Monday, May 02, 2005

America, you didn't!

i've been holding it in until i found the time to blog about it. i kinda saw it coming but i never really believed it could actually happen.

AMERICA, WHAT THE HELL WERE YOU THINKING VOTING OUT CONSTANTINE?!



so it wasn't the best song in the whole wide world, but that doesn't mean he should get voted off.

who will you vote out next, Bo Bice? and i thought i was just being presumptuous when i said that only the people who call me over the phone at work are stupid. now i know it is an actual fact.

and what the fuck is Scott Savol still doing there?!

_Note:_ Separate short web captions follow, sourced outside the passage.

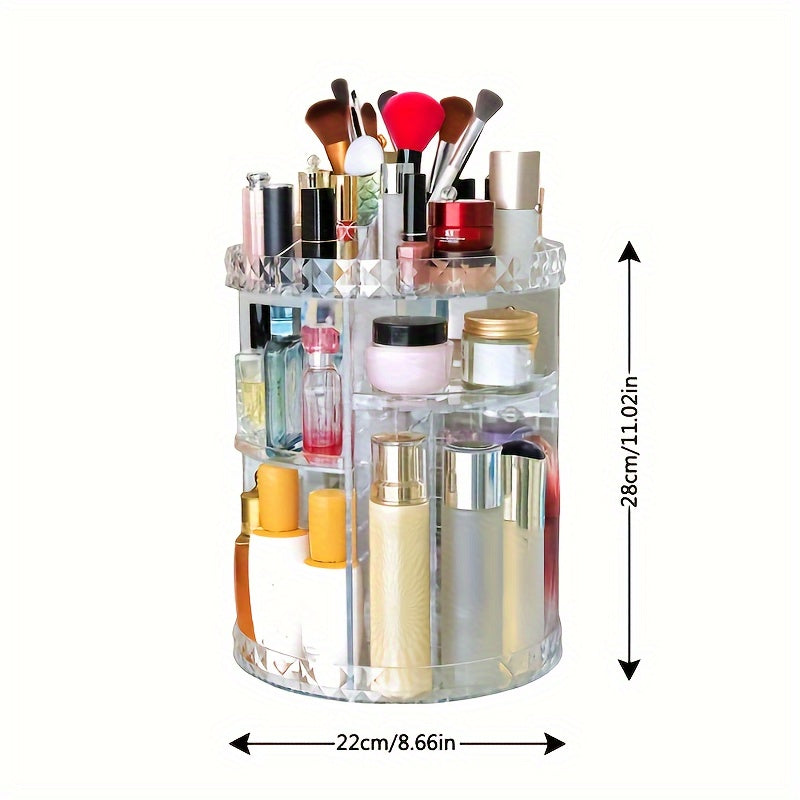 360 Degree Rotatable Acrylic Cosmetic Storage Rack Large Capacity for Makeup Brushes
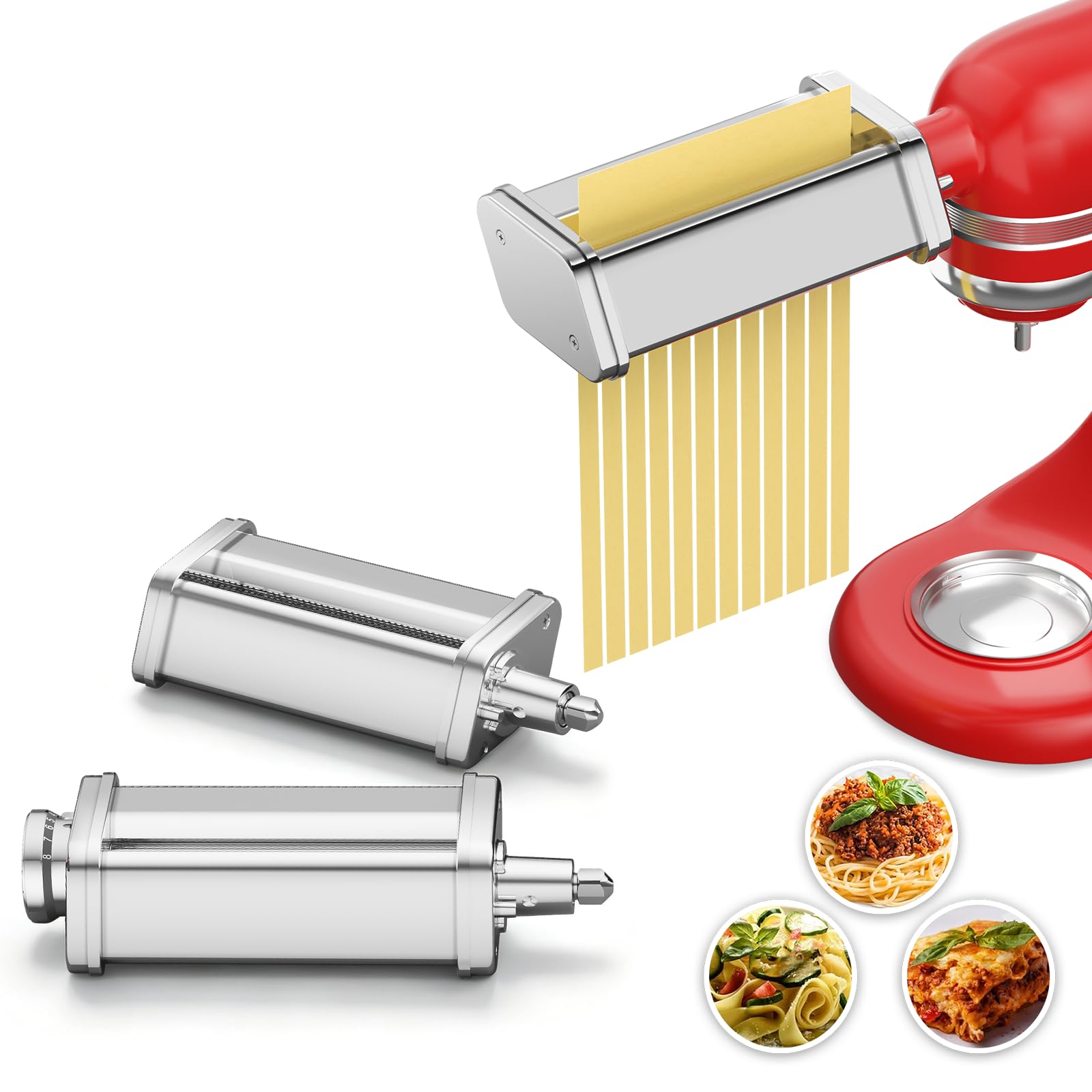 Conjunto de acessórios para máquina de massa para todas as batedeiras KitchenAid, conjunto de 3 peças | Rolo de folha de massa, cortador de espaguete e fettuccine, aço inoxidável, 8 níveis de espessura, rolo estável, com pincel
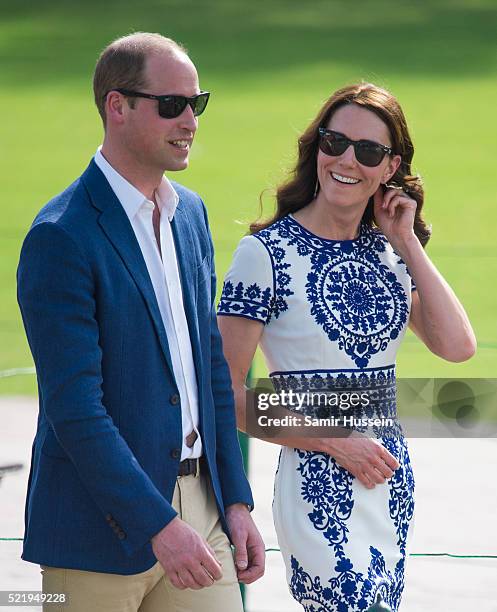 Prince William, Duke of Cambridge and Catherine, Duchess of Cambridge visit the Taj Mahal on April 16, 2016 in New Delhi, India.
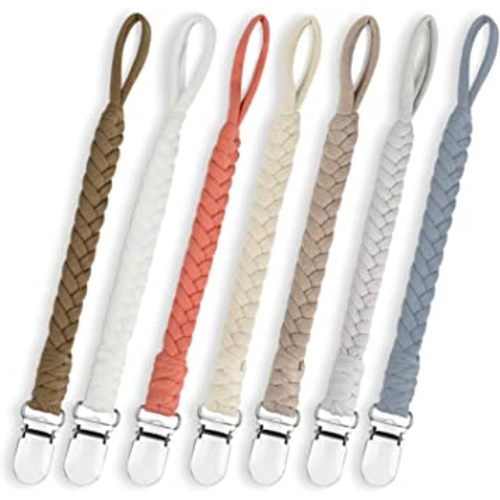 7 Pcs Braided Pacifier Clips for Boys and Girls, Pacifier Holder Baby Binky Clips Handmade Cotton Modern Unisex Pacifier Smoother Clip Fits All Pacifiers for Shower Birthday Gifts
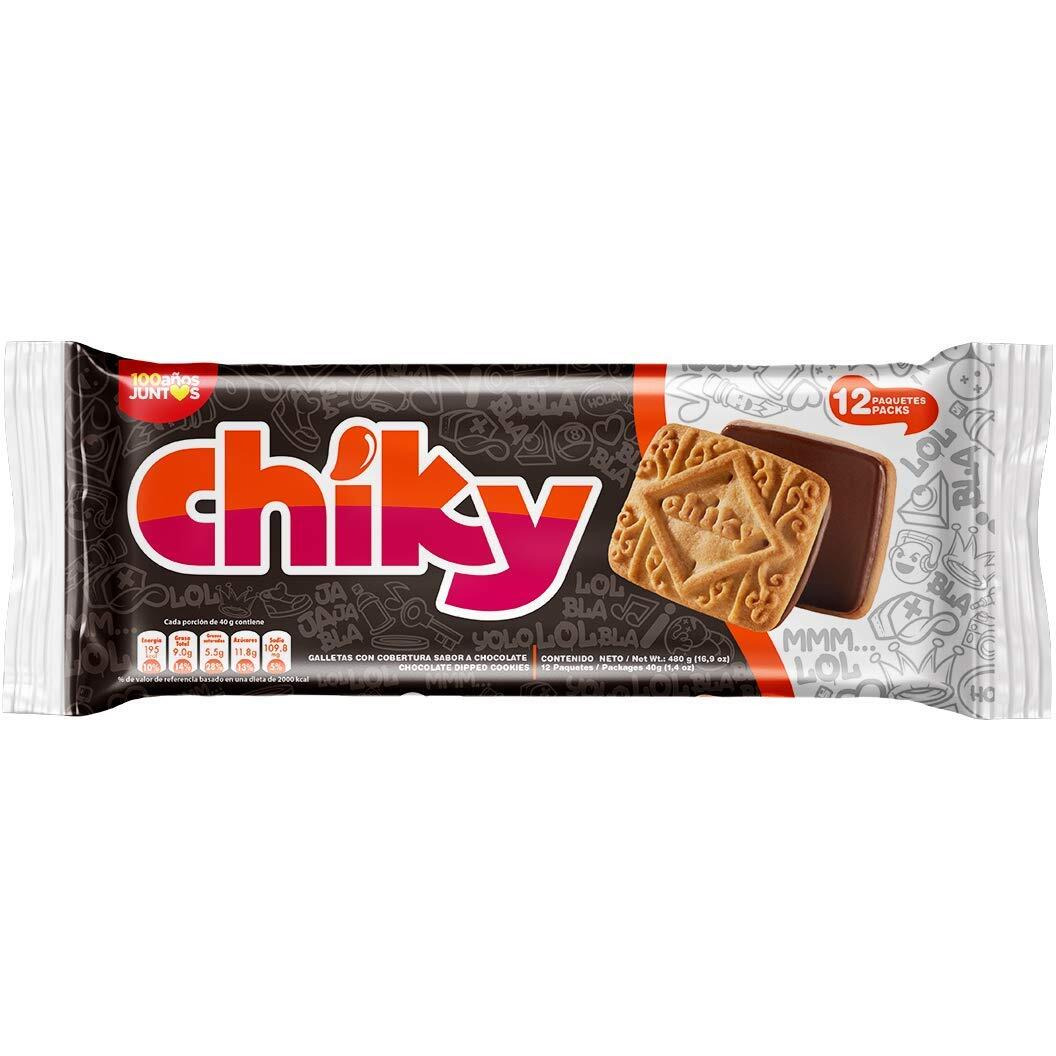 Pozuelo Chiky Chocolate Cookies | Crispy Vanilla Valentine's Day Cookies Filled With Chocolate Fudge | Delicious Creamy Flavors From Costa Rica | 16.9 Oz (Pack Of 3)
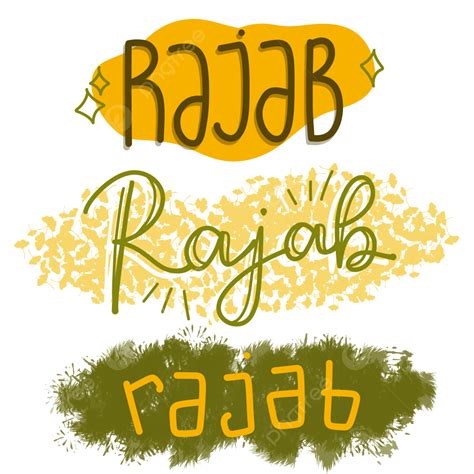 Handlettering Rajab Month é O Nome árabe Do Calendário Latino Hijri Com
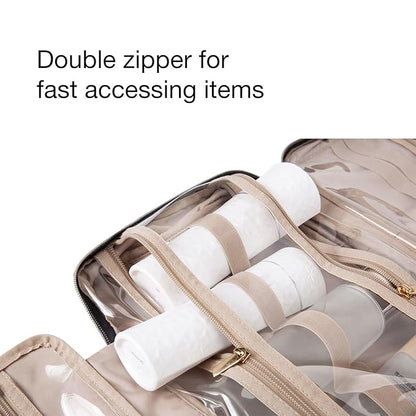 BAGSMART Toiletry Bag Travel Bag with Hanging Hook, Water-resistant Makeup Cosmetic Bag Travel Organizer for Accessories, Shampoo, Full-size Container, Toiletries (Camel, Medium)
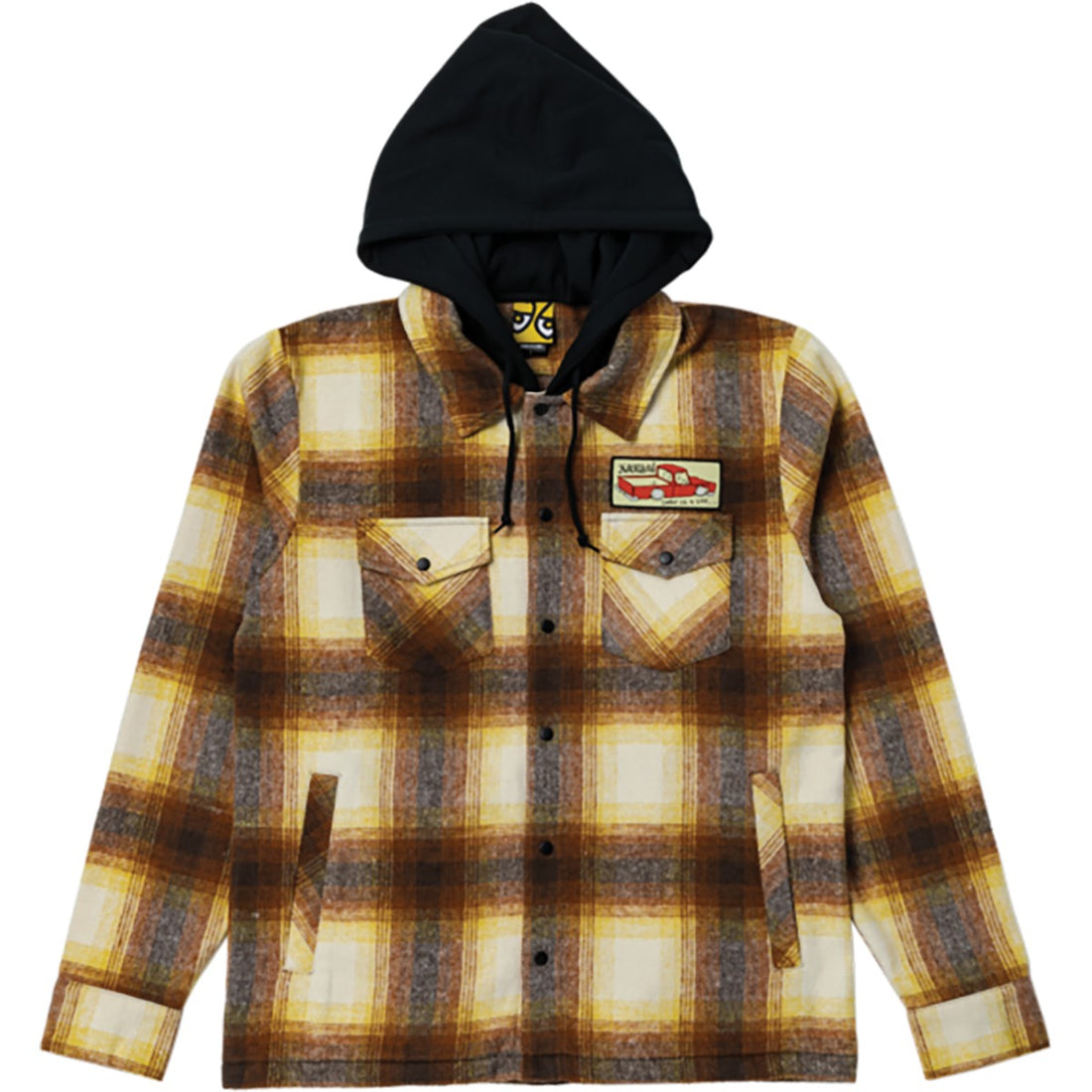 Krooked Double Ok Plaid Hooded Flannel (Brown/Tan)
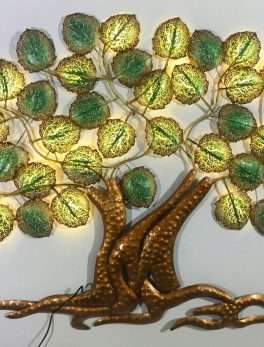 Metal Green Tree Leaf Wall Hanging with light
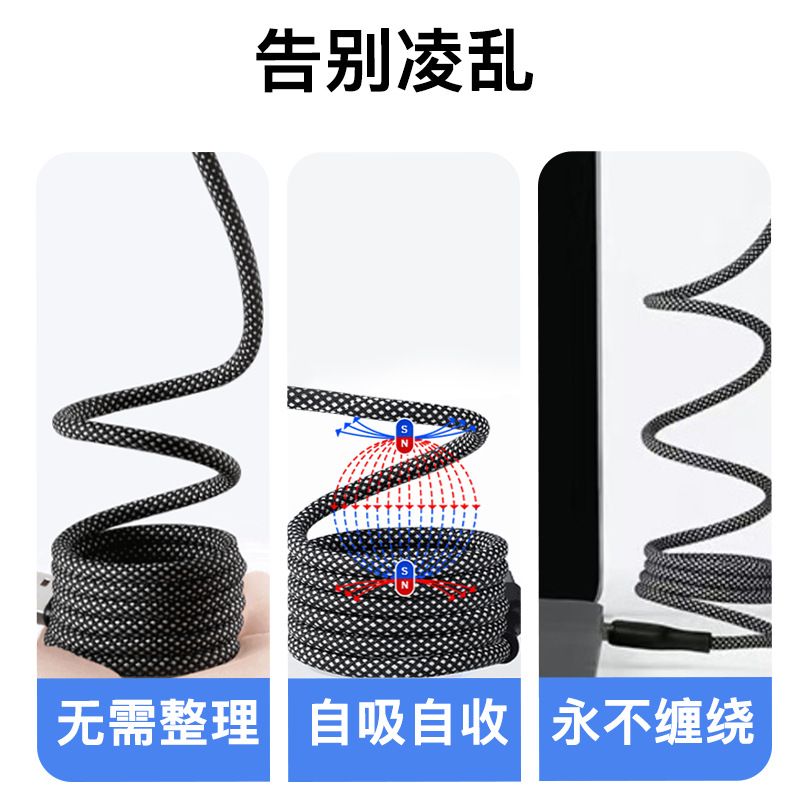 超级快充自动收纳磁吸线适用华为苹果安卓手机6A大电流数据线-磁吸Typec装Typec;一米一条装【盒装】-高清大图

now i have proven another theory: America is so fond of these people because they are all tone-deaf. they hate Simon Cowell for being brutally honest when in fact, the guy has this keen sense of hearing, he knows when a person has the "IT" factor or not. that's what the British are good at. ever wonder why people go to the UK first to launch an act before trying it on in the US? i never knew America could be so hearing-impaired. but then again, you can just watch the auditions and the number of people who thought they knew how to sing and understand why the ones with actual potential got booted off early.

America is tone deaf. powerful country, yeah, but tone deaf.